Durante la audiencia, también a partir del informe, los peticionarios solicitaron a la CIDH que declarara la admisibilidad del caso, y que, de no resolverse en esta instancia, sea sometido a consideración de la Corte Interamericana de Derechos Humanos. Según expresó Diana Malamud “era el Estado el encargado de brindarnos protección y era la justicia la encargada de llegar a la verdad. En su lugar, sus funcionarios se dedicaron a armar una causa en connivencia con los gobiernos de turno”. Y agregó “el Estado argentino ha fracasado en su obligación de prevenir este tipo de hechos y de impartir justicia, y no se ha hecho cargo de su fracaso”.

Fue entonces cuando los representantes del Estado, en las figuras del actual responsable de Derechos Humanos de la Cancillería, Horacio Méndez Carrera y de la asesora del ministro de Justicia Horacio Rossati, Andrea Gualde, afirmaron que “El gobierno reconoce la responsabilidad del Estado argentino por la violación de los derechos humanos denunciados por los peticionarios en la petición presentada ante la CIDH: el derecho a la vida, a la integridad personal, a las garantías judiciales y a la protección judicial” por haber incumplido su deber de prevenir y de investigar el atentado. Horacio Méndez Carrera señaló que “el gobierno argentino no es ajeno al dolor de los familiares y se compromete a dar un drástico cambio de rumbo a la investigación de este atentado.” Luego, Alejandro Rua, encargado de la Unidad Especial AMIA detalló cuáles fueron las pistas no profundizadas durante años, y cuáles son los funcionarios denunciados por él como responsables del encubrimiento. Al finalizar la presentación, Andrea Gualde expresó que el Estado adoptará una serie de medidas tendientes a fortalecer la investigación penal (dando más recursos a la Unidad Especial del Ministerio de Justicia, y a la Fiscalía Especial a cargo del Dr. Alberto Nisman), a revisar la legislación sobre el manejo de los fondos reservados de la SIDE, a promover los juicios políticos a los funcionarios judiciales que no investigaron y a impulsar el tratamiento de una ley general de reparaciones pecuniarias a favor de todos los familiares de las víctimas del atentado. Por eso, le pidieron a la Comisión que se suspendiera el tratamiento del caso hasta el próximo período de sesiones de octubre de este año y que se abra un proceso de solución amistosa entre las partes. Esta medida implica que el Estado tiene plazo hasta octubre próximo para cumplir con algunos de los compromisos asumidos en esta audiencia, y de lo contrario, la CIDH podría continuar con el trámite y eventualmente enviarlo a consideración de la Corte.

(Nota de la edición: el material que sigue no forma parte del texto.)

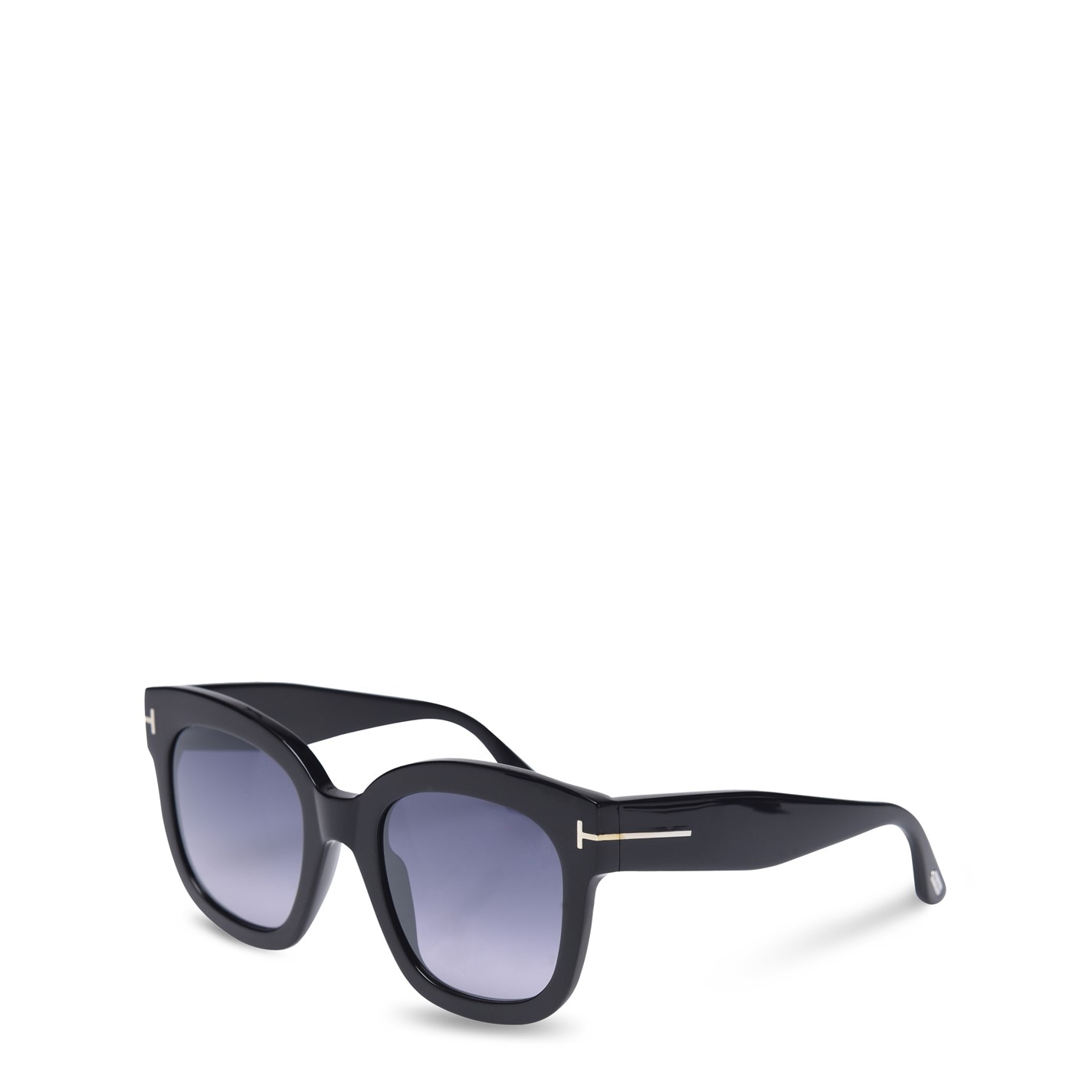 Tom ford lauren shop polarized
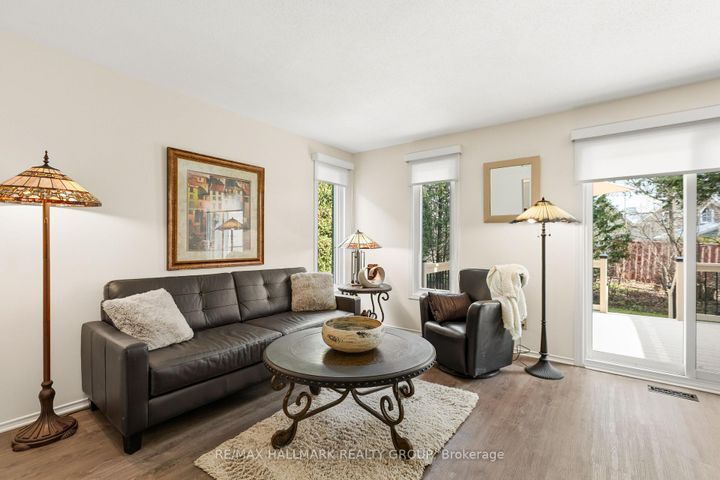 Photo 14 at A - 176 Sherway Drive, Nepean (Pheasant Run), Ottawa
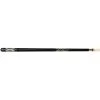 cue fury stinger x-5 Queue de billard américain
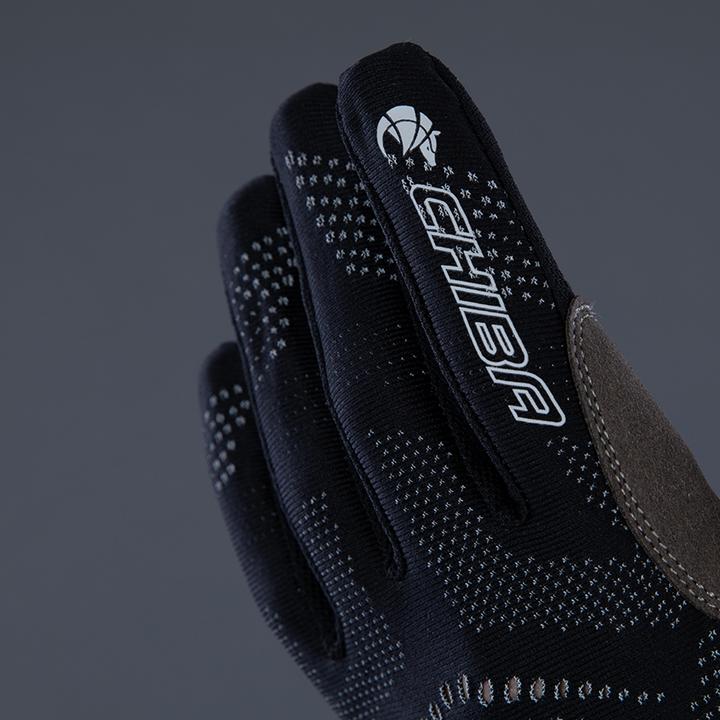 Produktbild Chiba Gel Performer (XS)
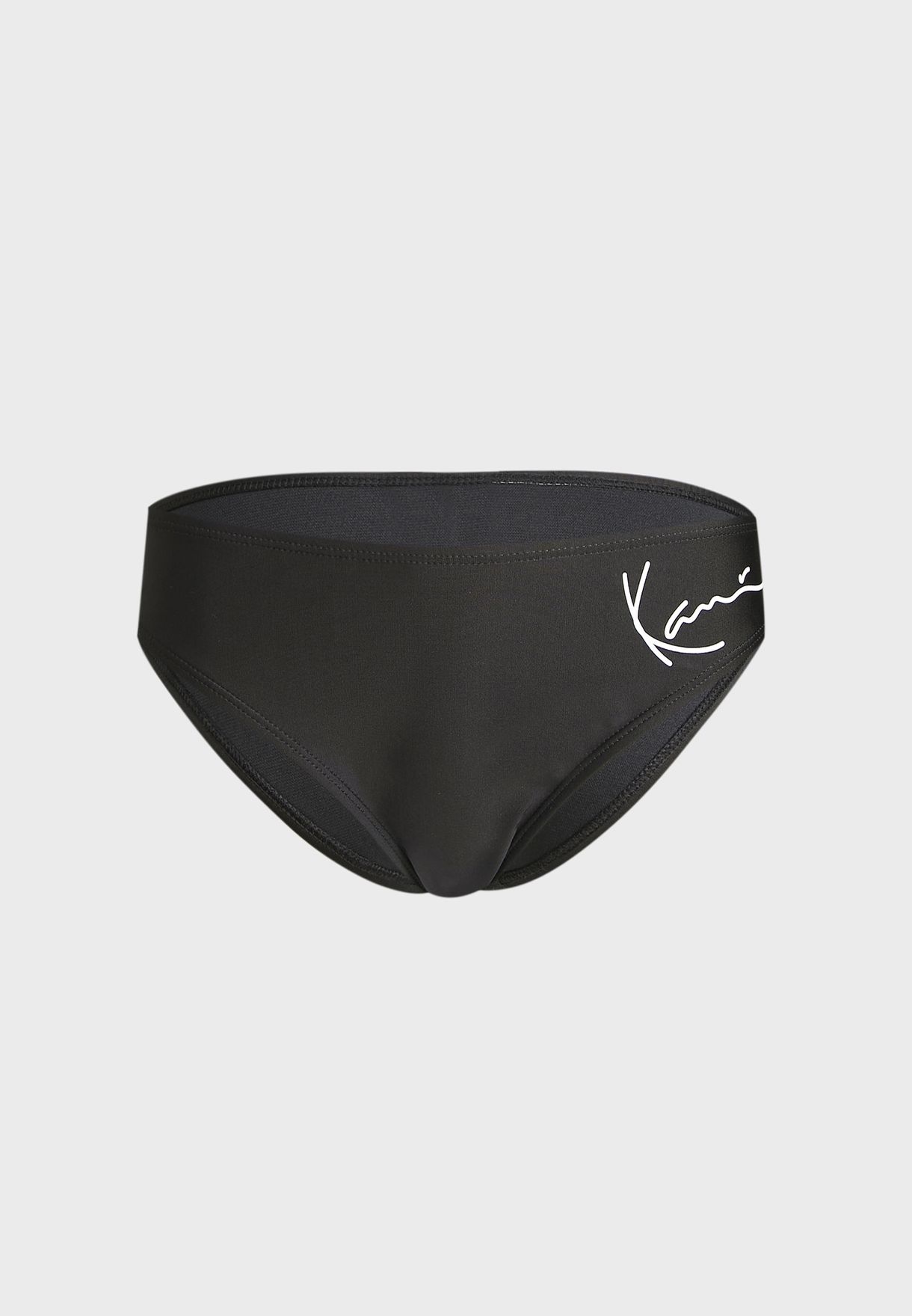 Signature Bikini Bottom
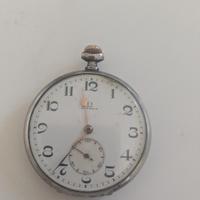 Orologio Omega 1920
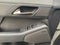 2025 Lexus GX 550 Luxury+ W/Bucket Seats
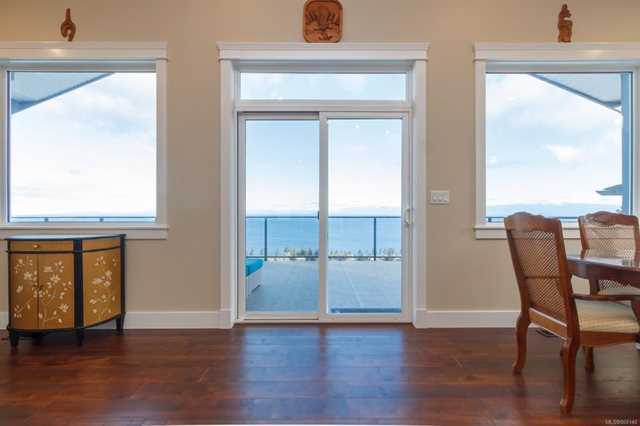 5300 Dewar Rd Nanaimo, BC V9T 6T3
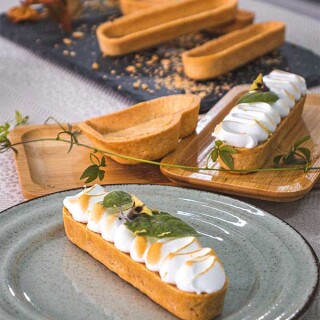 465-F-Eclair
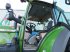 Traktor des Typs Fendt 720 Vario, Neumaschine in Joure (Bild 10)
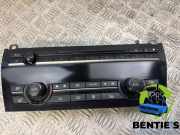 Bedienelement für Klimaanlage BMW 7er F01, F02, F03, F04 4231114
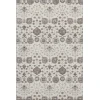Addison Mayfield Ivory AMF1155 9ft. x 12ft. Rect. Rug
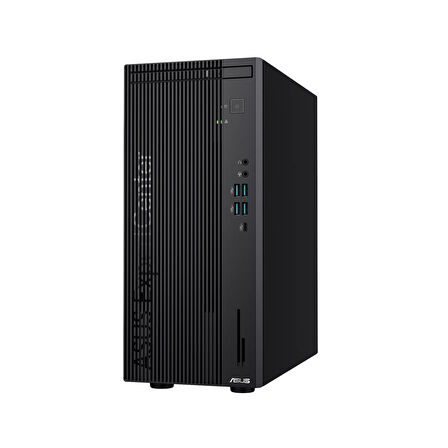 Asus D9 Expertcenter D901MDR Intel I7-14700 128GB Ddr5 4tb SSD 4GB/GTX1650 WINDOWS11PRO Masaüstübilgisayar WGD901MDRW30+ZETTAUSBBELLEK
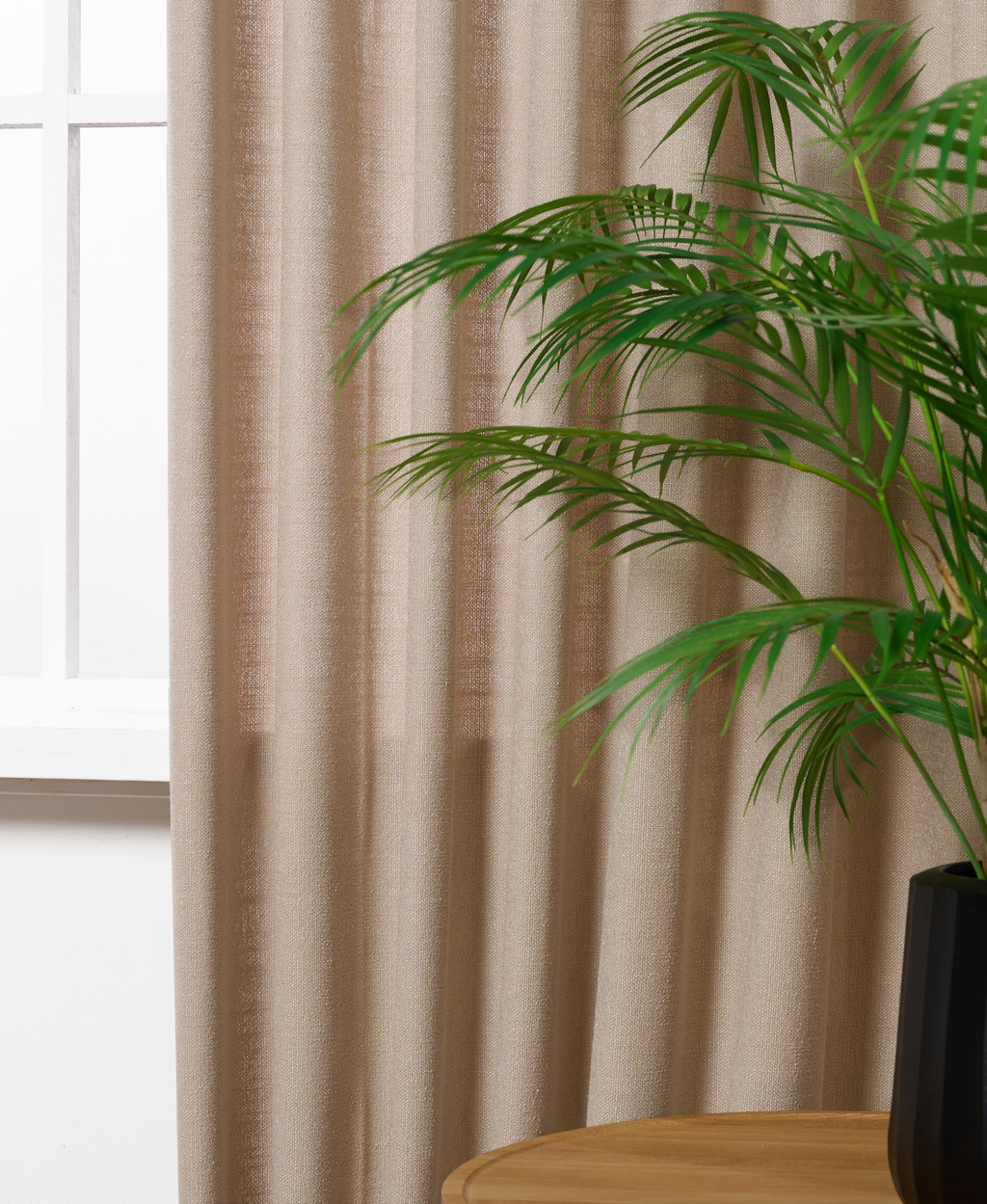 Inbetween Bahama Zand Afbeelding 1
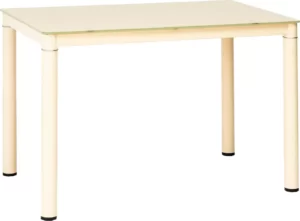 Signal stol obedennyy galant 110 galantk 0
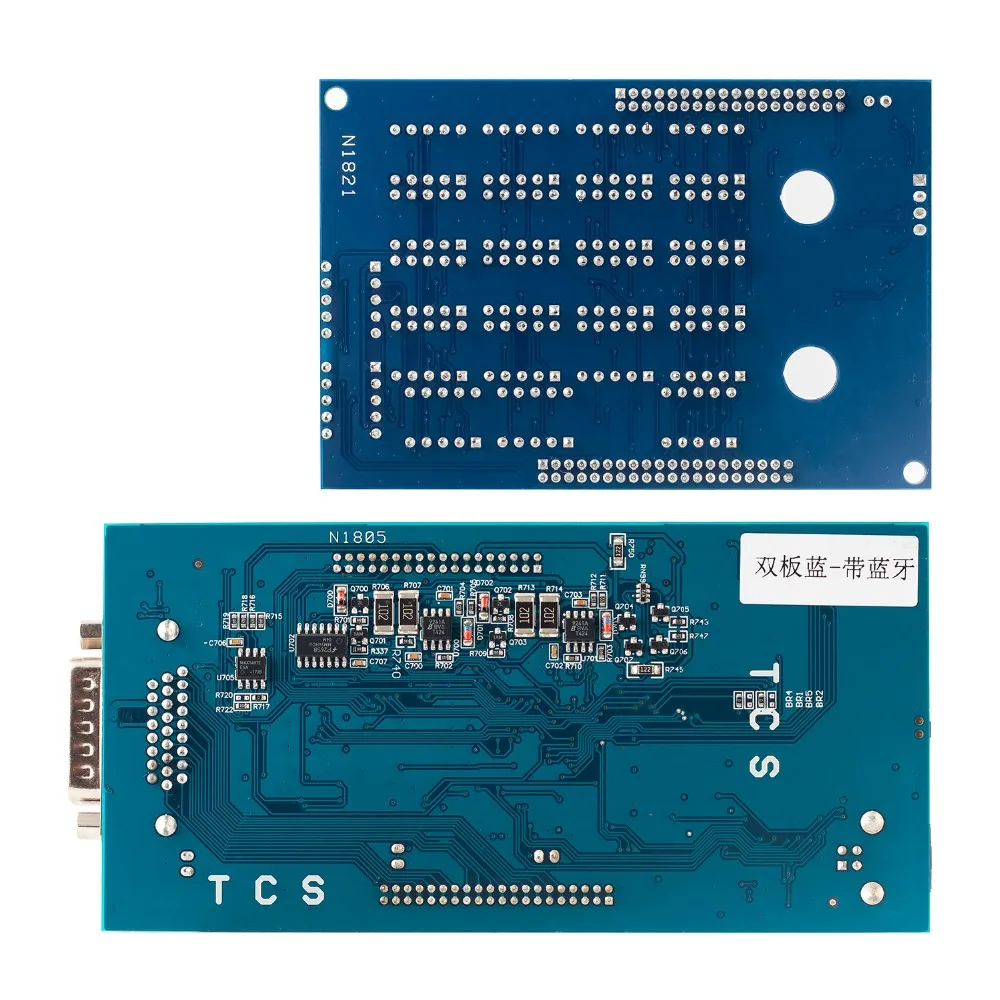 5 шт./лот DHL CDP TCS pro plus Без bluetooth,01 keygen программное обеспечение автомобильные грузовики OBDII OBD2 авто диагностический инструмент OBD 2 сканер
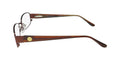 Oscar de la Renta Osl 704 Eyeglasses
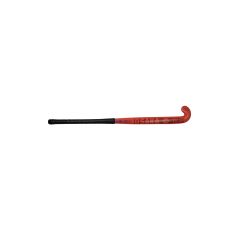 Osaka Vision 25 Show Bow Hockey Stick (2024/25) - Osaka Vision 25 Show Bow Hockey Stick (2024/25) - Osaka Vision 25 Show Bow Hoc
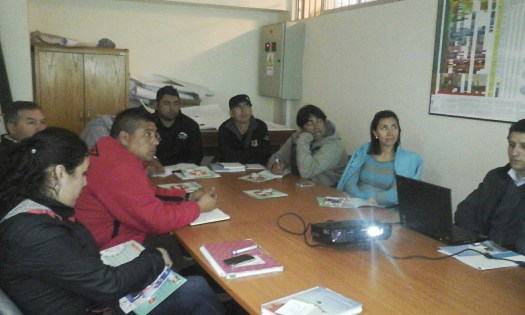 20150903_114551_resized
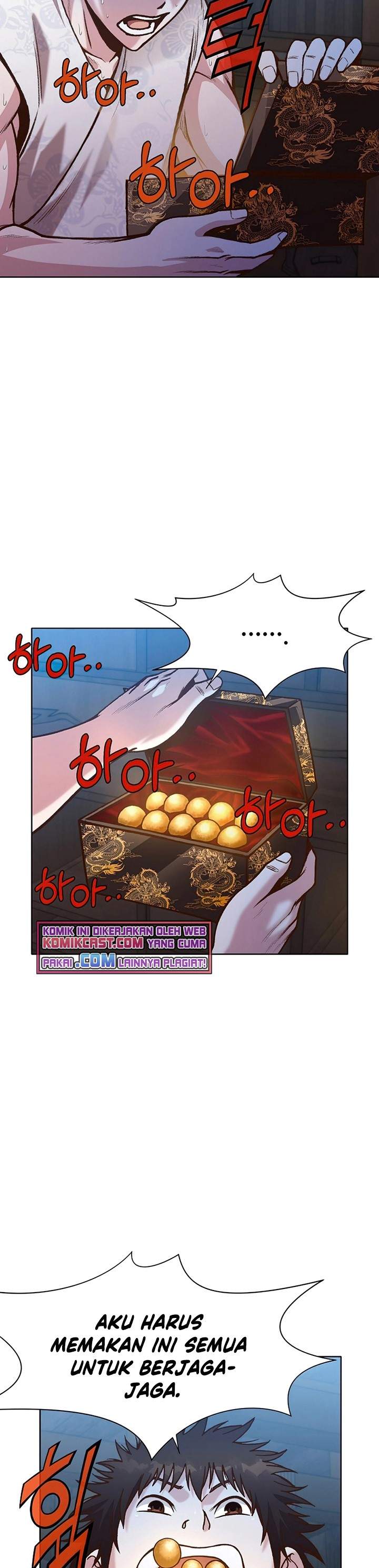 image-komik-heavenly-martial-god-chapter-15-30/40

Los peticionarios expresaron que estaban de acuerdo en integrar una mesa de trabajo para discutir todas estas medidas propuestas por el gobierno, y solicitaron a la Comisión que supervisara este compromiso político expresado en la audiencia para que sea realmente efectivizado en los hechos. La CIDH se comprometió a volver a analizar el caso en el mes de octubre, para constatar si hubo o no avances.

Por los peticionarios, asistieron a la audiencia, Diana Wassner de Malamud, Adriana Reisfeld, Mirta Lipszyc, por Memoria Activa; Pablo Jacoby abogado de Memoria Activa, y Víctor Abramovich y Andrea Pochak , en representación de CELS y CEJIL respectivamente. Por el gobierno, estuvieron presentes Horacio Méndez Carreras, Representante Especial para los Derechos Humanos de la Cancillería, Alejandro Rúa, titular de la Unidad AMIA del Ministerio de Justicia y Derechos Humanos, y otros funcionarios de la Cancillería, el Ministerio de Justicia y la Secretaría de Derechos Humanos de la Nación.